Small Business Saturday posted its best year ever in 2019, with American consumers spending a record $19.6 billion at independent retailers and restaurants on Small Business Saturday—an increase of 10% over last year—according to the 2019 Small Business Saturday Consumer Insights Survey from American Express and the National Federation of Independent Business.
The survey found that 97% of consumers who shopped on Small Business Saturday, a counterpoint to Black Friday mall and national retailer shopping, say small businesses are essential to their community. 95% say that the day makes them want to shop or eat at small, independently-owned businesses all year long, not just at the holidays.
“Brick-and-mortar stores can’t compete with Walmart or Amazon on price, but there are things they can do that these online giants can’t,” said Pitt Business associate professor Nicole Coleman, a marketing faculty member and expert in consumer behavior.
Coleman’s research focuses on consumers and the emotions they want to experience, and how marketers can better tailor their communications and products to meet these needs.
The sheer number of products available online can be overwhelming. One way small retailers can win is by helping customers cut through the choices to find the perfect gift. “The best small businesses create a unique, curated set of products that their customers couldn’t easily find on their own,” Coleman said.

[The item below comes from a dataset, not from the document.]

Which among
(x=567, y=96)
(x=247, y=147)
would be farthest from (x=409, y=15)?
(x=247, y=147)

In-person interactions come into play as well, so retailers should ensure that their employees have good customer service skills, she said. “Talking to customers is an opportunity to guide the consumer to the right product.”
“Bricks and mortar can offer these things, but the online giants can’t really compete in these areas,” Coleman said.
Appealing to millennials and Gen Z consumers is increasingly important, she said.
Younger customers are already attuned to shopping local, Coleman said. They tend toward an anti-corporate mentality, are social justice-oriented and often prefer to frequent mom-and-pop shops.
Social media lets people know what’s happening and helps them develop a one-on-one relationship with their preferred shops and stores.
And millennials and Gen Zs collectively account for about half of the nation’s purchasing power. “They aren’t kids anymore,” Coleman said, noting that the oldest millennials are approaching 40 and many have kids of their own.
These consumers like to connect with their preferred businesses via social media, especially through Instagram stories, said Coleman, whose recent marketing research investigates how consumers’ social media posts about products relate to their actual purchases, and what marketers can do to maximize the effectiveness of their social media campaigns.
Coleman said, “Social media lets people know what’s happening and helps them develop a one-on-one relationship with their preferred shops and stores.”
Younger customers also value “edutainment,” Coleman said. Teaching a skill by offering a cooking demonstration, a craft for kids or a lesson in applying the latest makeup technique can bring these shoppers through the door.
Offering small freebies—hot cider or cookies for shoppers, for instance—adds to the festive holiday atmosphere while capitalizing a bit on human nature. “Offering something of value creates a sense of gratitude and indebtedness, so customers are more likely to make a purchase,” she said.
And while the holidays are the ideal time for drawing in customers, retailers should think beyond December, Coleman added. “Use the holidays as a way to get consumers to think of your store—it’s the start of a long-term opportunity,” she said. “The holidays aren’t the only time for presents. There are gift-giving occasions all year.”